Raw data:
* * * *
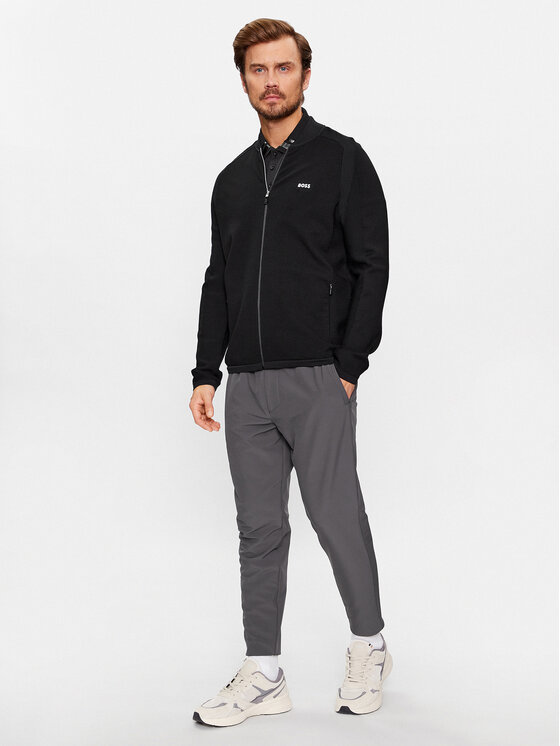 BOSS Boss Bluză Zarlin 50498532 Negru Regular Fit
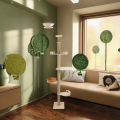 Wall Mounted Solid Wood Luxury Adjustable Height Cat Tree Tower Scratching Post Multi-Level Activity Center Pet Supplier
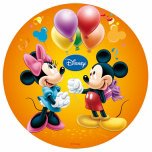 Minnie Mouse y Mickey Mouse 2 - 1 hoja con 1 circulo de 20 cm. FPD9006C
* * * *
Task directions: Transcribe the listing above verbatim. Omit the pictures.

Answer to this exercise:
 BOSS Boss Bluză Zarlin 50498532 Negru Regular Fit
 Wall Mounted Solid Wood Luxury Adjustable Height Cat Tree Tower Scratching Post Multi-Level Activity Center Pet Supplier
 Minnie Mouse y Mickey Mouse 2 - 1 hoja con 1 circulo de 20 cm. FPD9006C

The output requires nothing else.